Le marché du repeuplement qui devait compenser économiquement cette interdiction pour la filière civelière française a été depuis la mise en place du règlement 1100/2007  fort peu dynamique et les prix pratiqués ont toujours été bien inférieurs à ceux consentis pour la consommation ainsi que l’indique ce graphique ci-dessous (d’après données France Agrimer)

Comparaison des prix des civelles vendues pour la consommation et le repeuplement.

Des modes de captures variés et adaptés au comportement des individus.

Dans la partie basse des estuaires, les civelles ont des comportements de migration portée. Leur présence en surface va être fonction des conditions de luminosité dans la colonne d’eau. Plus l’eau est claire, plus la luminosité nocturne ou diurne va pénétrer en profondeur empêchant les civelles de venir en surface. Ainsi, les tamis opérant en surface ont peu de chance de capturer les alevins sauf si l’estuaire a des eaux turbides comme la Loire ou de la Gironde par exemple. Sur ces deux estuaires la clarté de la colonne d’eau joue un rôle secondaire et les civelles sont bien souvent disponibles en surface, ce qui n’est pas le cas d’estuaires dit clairs comme celui de l’Adour où les meilleures conditions de luminosité pour la pêche de la civelle sont celles qui caractérisent la lune noire. 

Ainsi en fonction de son positionnement sur l’estuaire ou sur le cours du fleuve ou de la rivière, en fonction de la réglementation maritime ou fluviale on va utiliser différents engins.

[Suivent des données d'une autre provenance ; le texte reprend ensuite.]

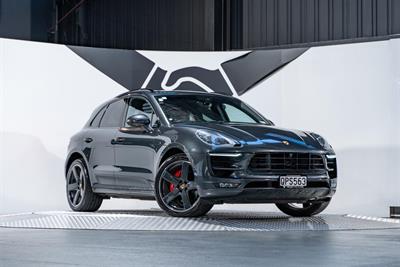 2017 Porsche Macan - Thumbnail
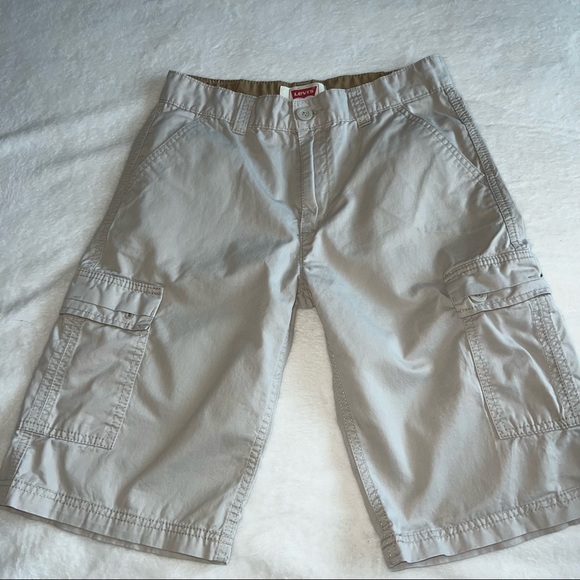 Levis big boys light khaki cargo shorts size 16. Lightweight. - Picture 1 of 3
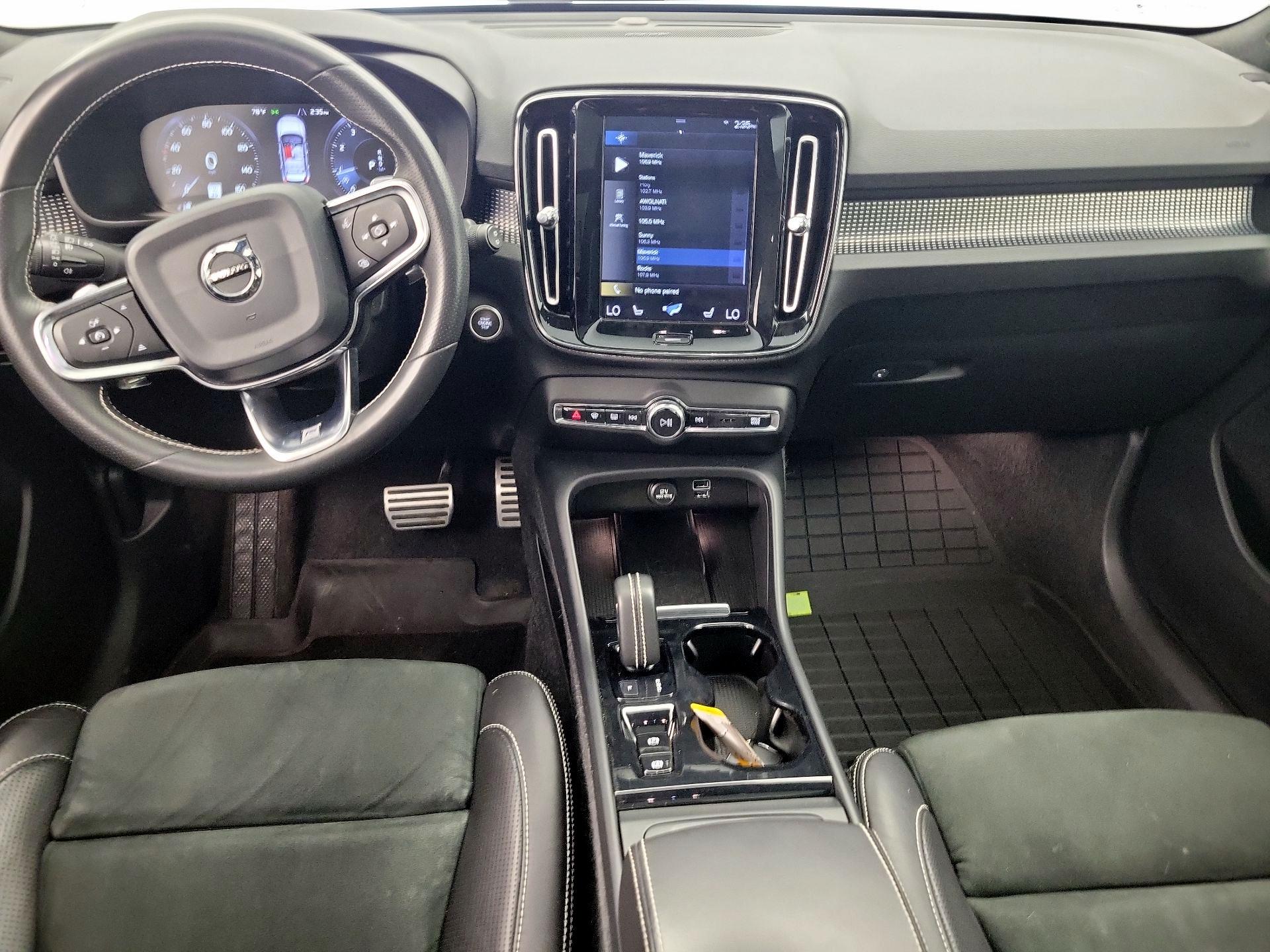 Thumbnail: 2019 Volvo XC40 - 9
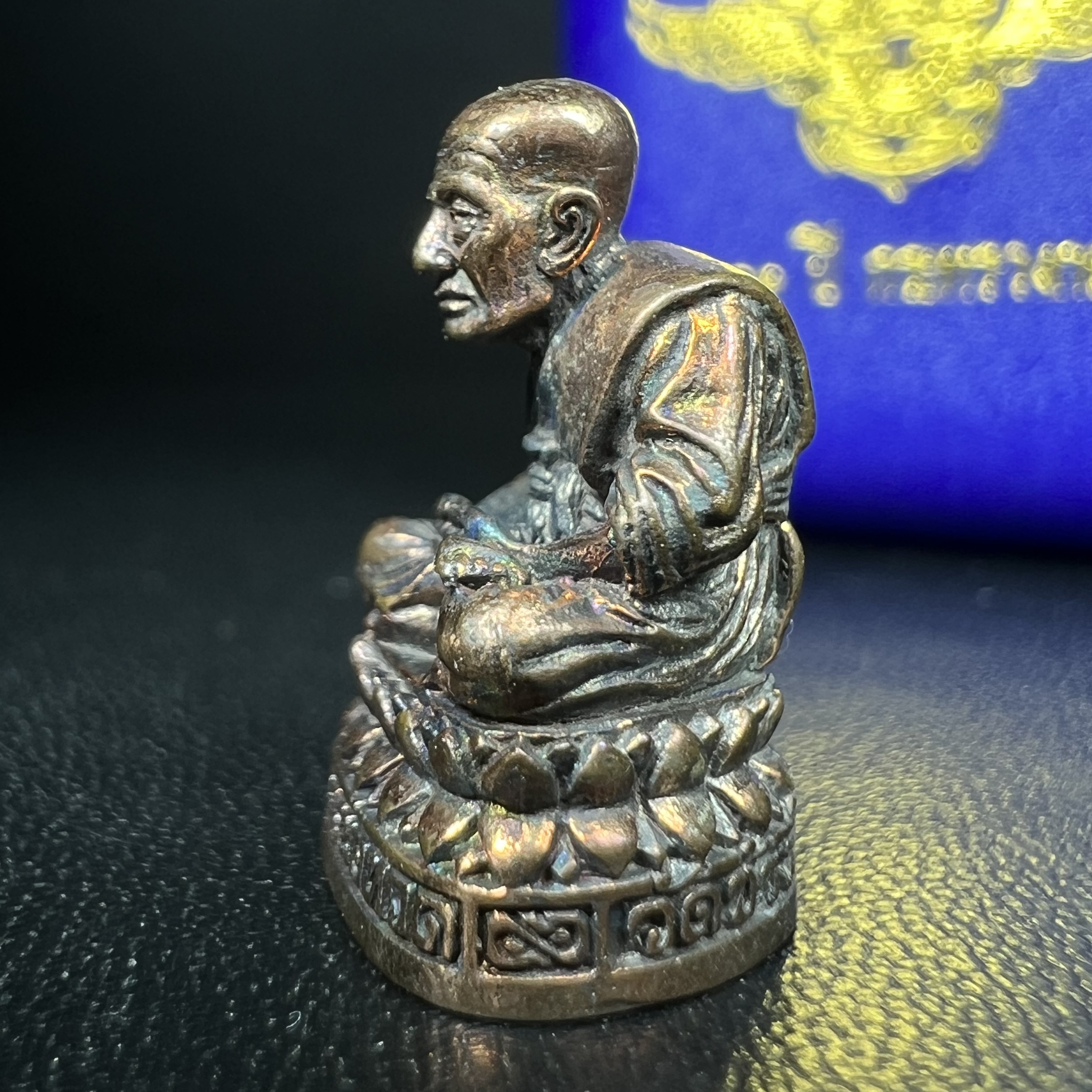 รูปเหมือนหล่อลอยองค์หลวงปู่ทวด รุ่น 111ปี กระทรวงกลาโหม เนื้อนวโลหะรมดำ-ปัดเงา ปี2540 พิธีใหญ่ เข้มขลัง นิยม พร้อมกล่องบรรจุเดิม(คัดสภาพสวยผิวเทพๆผิวรุ้งๆ)ทั้งพิธีทั้งพุทธศิลป์ทรงคุณค่าอีกหนึ่งรุ่นยอดนิยม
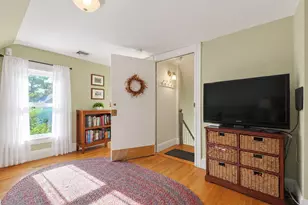 42 Cedar St, Somerville, MA 02143 - Photo 8
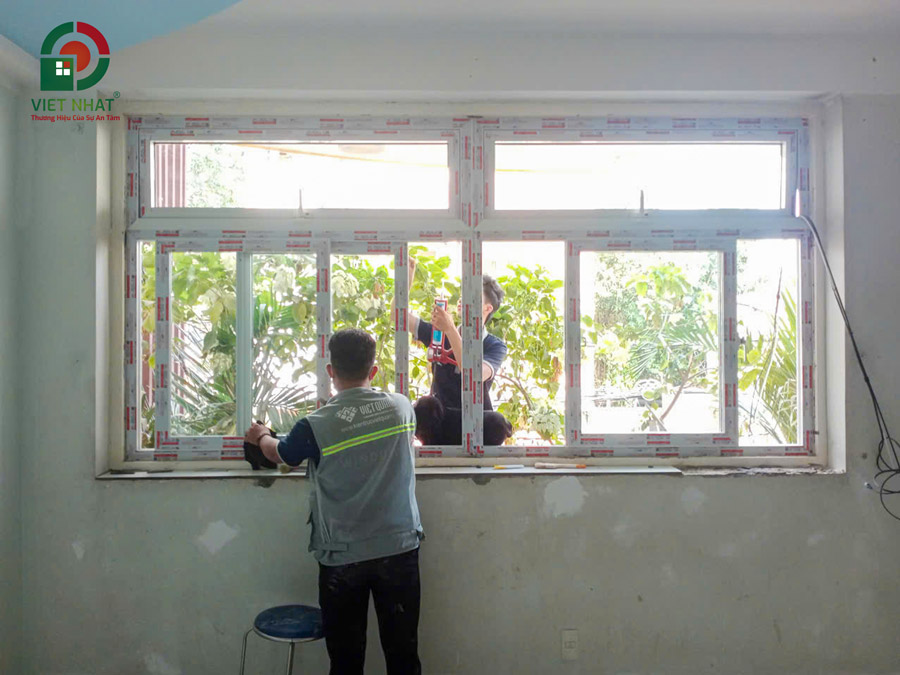 Hình ảnh thi công lắp đặt cửa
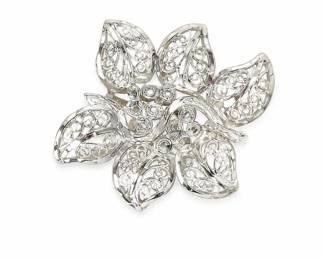 9.00g  Vintage 925 Sterling Silver DiamondCut Flower Brooch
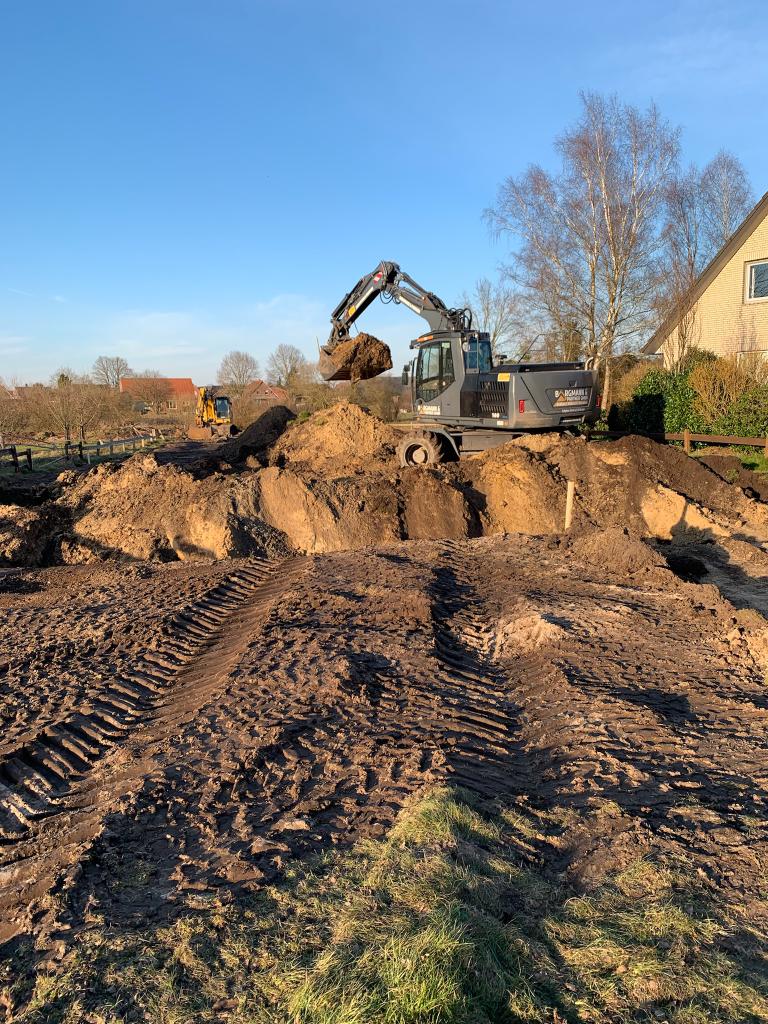 Bagger beim Aushub einer Baugrube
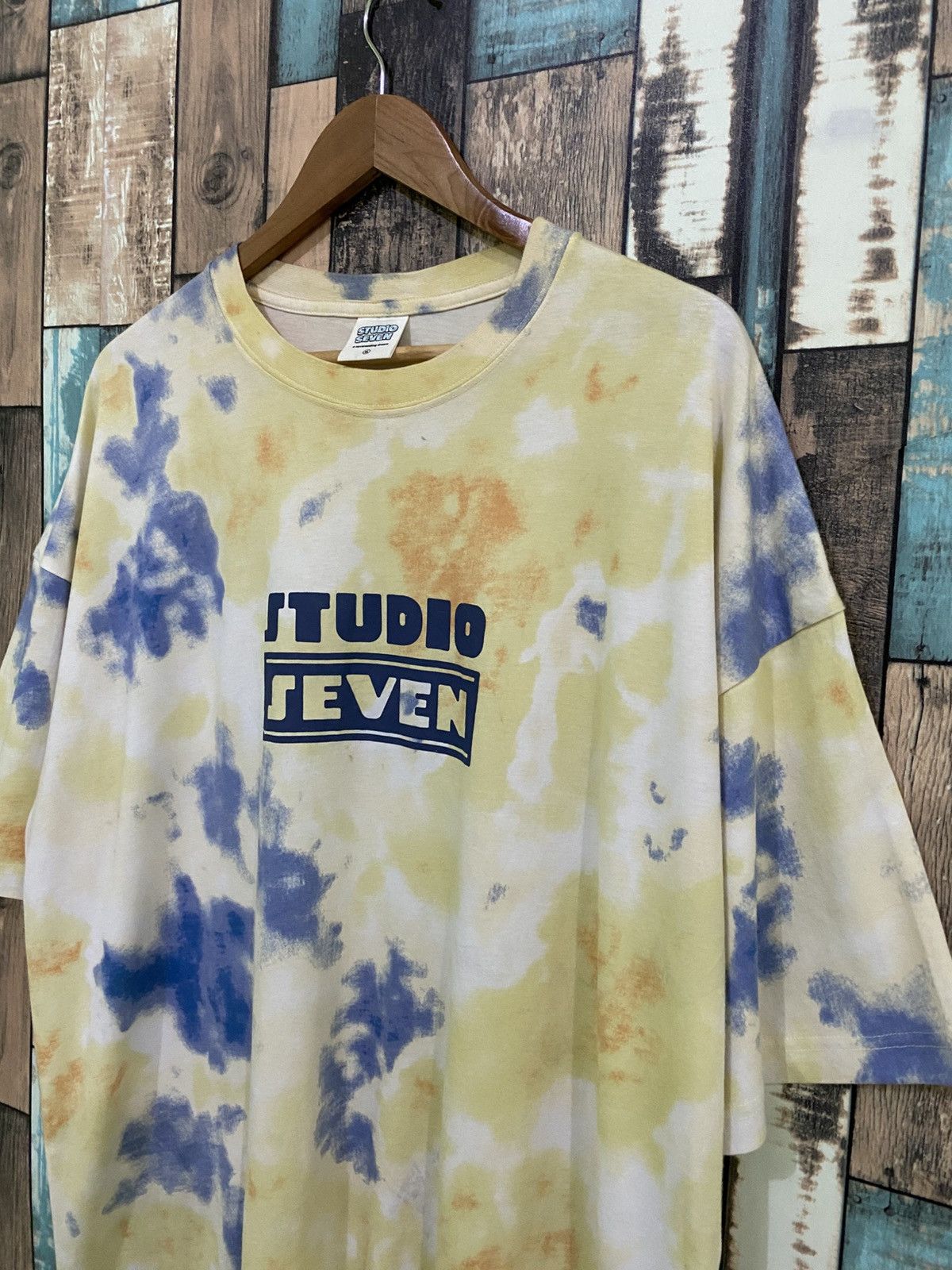 Japanese Brand × Studio Seven Studio Seven Logo Tie Dye T Shirt Size US XL / EU 56 / 4 - 2 Thumbnail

Des tamis tenus à la main et pouvant explorer les moindres recoins des berges là où peuvent se concentrer, suivant certaines conditions hydro climatiques,  des groupes de civelles.  Des tamis ancrés qui sont utilisés dans l’Adour et qui ont les mêmes caractéristiques que les tamis à main, mais sont positionnés près du fond de la rivière quand l’eau est claire et que la marée pousse les civelles au plus près du fond. Le tamis poussé muni d’un manche ou non suivant les estuaires. Sur l’Adour par exemple, compte-tenu de la puissance des bateaux, il reste difficile de pousser le tamis en profondeur. Les tamis sont alors gréés pour filtrer un volume proche de la surface et sont peu efficaces lorsque l’eau est claire.

Les pibalours utilisés en mouvement ou bien en poste fixe qui ont des surfaces plus importantes, mais opèrent généralement dans des portions de fleuves plus larges.